Yemen’s Houthis reportedly carried out an attack against American merchant ship KOI in the Gulf of Aden, Reuters reported last week, citing Houthi military spokesperson Yahya Sarea as saying on Wednesday. The attack came hours after another strike targeting US Navy destroyer Gravely, the newswire said. British maritime security firm Ambrey also reported an explosion aboard a merchant vessel in the region, but did not clarify if this was the KOI, the newswire said citing the security firm. Liberian-flagged KOI is operated by UK-based Oceonix Services, which also operates oil tanker Marlin Luanda which was damaged in a Houthi attack on Saturday, the newswire added.
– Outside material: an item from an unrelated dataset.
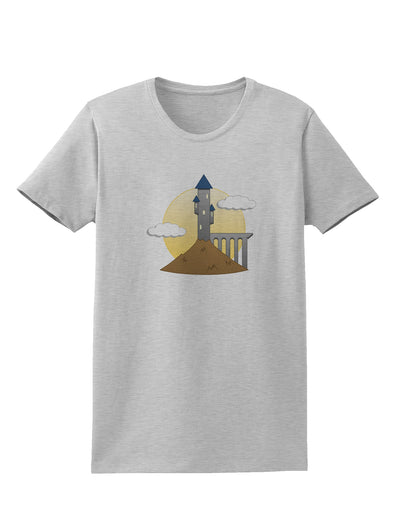 Moonlit Wizard Tower - Halloween Womens T-Shirt-Womens T-Shirt-TooLoud-AshGray-X-Small-Davson Sales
British and American forces struck 36 Houthi facilities in Yemen on Saturday, one day after the US launched air strikes against 85 targets in Iraq and Syria that it claimed have ties to Iran’s Revolutionary Guards Corps, killing 40, Reuters reported. “Our response began [on Friday]. It will continue at times and places of our choosing,” US President Joe Biden said in a statement. The attacks come in response to an Iran-backed attack that killed three US servicemen in Jordan last week.

IN DEFENSE NEWS

India is doubling down on countering piracy in the region: The country has deployed some dozen warships east of the Red Sea as it looks to deter resurging piracy in the area, and as Western powers shift their focus towards dealing with the Houthi threat, Reuters reported last week, citing Indian officials. “Houthis and piracy are disconnected. But pirates are trying to use this opportunity as the West’s efforts are focused on the Red Sea,” the newswire cited an unnamed Indian navy official as saying. India already has two frontline warships in the Gulf of Aden, and some 10 warships in the northern and western Arabian Sea, with surveillance aircraft, marking the country’s largest deployment to the region, and larger than Chinese, French or US deployments to the area, officials said. India is also not participating in the US-led Red Sea naval taskforce, the newswire also added.
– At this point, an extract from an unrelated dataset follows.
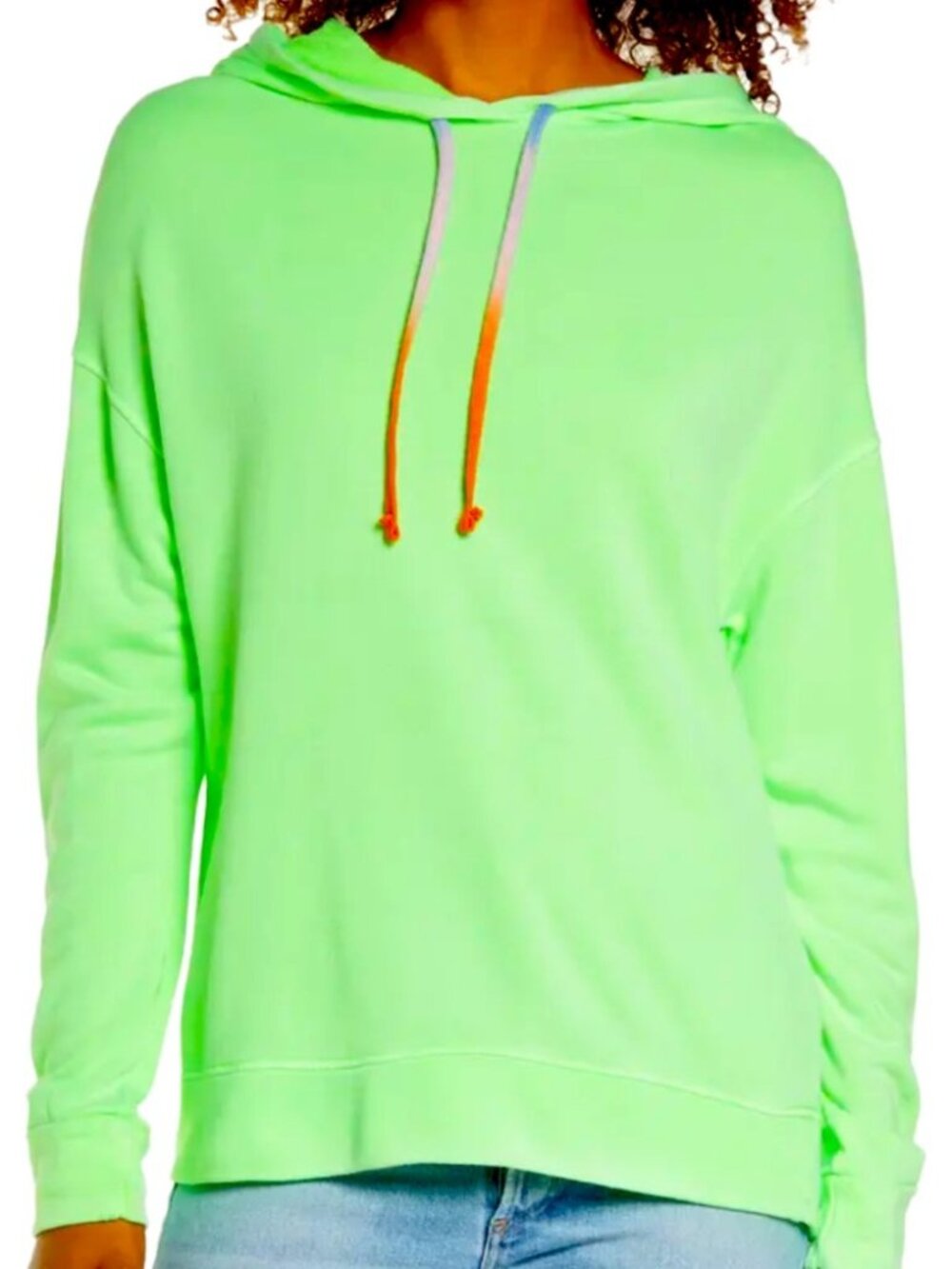 Sundry Neon Green Pop Hoodie Pullover Sweatshirt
REMEMBER-Monday saw Indian navy vessel INS Sumitra respond to two Iranian fishing vessels that were hijacked by Somali pirates, rescuing 17 Iranian nationals from the first boat, before rescuing 19 Pakistani nationals aboard the second.

MARKET REAX-

The oil market is looking more disconnected and fragmented as it turns to local alternatives amid disruption-driven increases in freight rates, Bloomberg reports. The trend is seeing the development of two disconnected oil trading regions — one centered around the Atlantic, the North Sea, and the Mediterranean and another enclosing East Asia, the Persian Gulf, and the Indian Ocean. European refiners didn’t pick up Iraqi crude last month, with shipments from the North Sea and Guyana seeing an uptick in demand in the European market, Bloomberg wrote citing traders. Meanwhile, Abu Dhabi’s Murban crude is seeing greater demand in Asia and crude loadings from the US to Asia declined by more than a third between December and January, the outlet said citing Kpler tracking data. “The pivot toward logistically easier cargoes makes commercial sense, and that will be the case for as long as the Red Sea disruptions keep freight rates elevated,” Kpler analyst Viktor Katona was cited as saying by the outlet.

The LNG market may take it a step further: US and Qatar-based LNG producers are considering swapping their cargoes to get around bottlenecks at the Suez and Panama Canals, with US cargoes making their way to Europe to meet Qatari contracts and Qatari cargoes shipped in turn to US customers in Asia.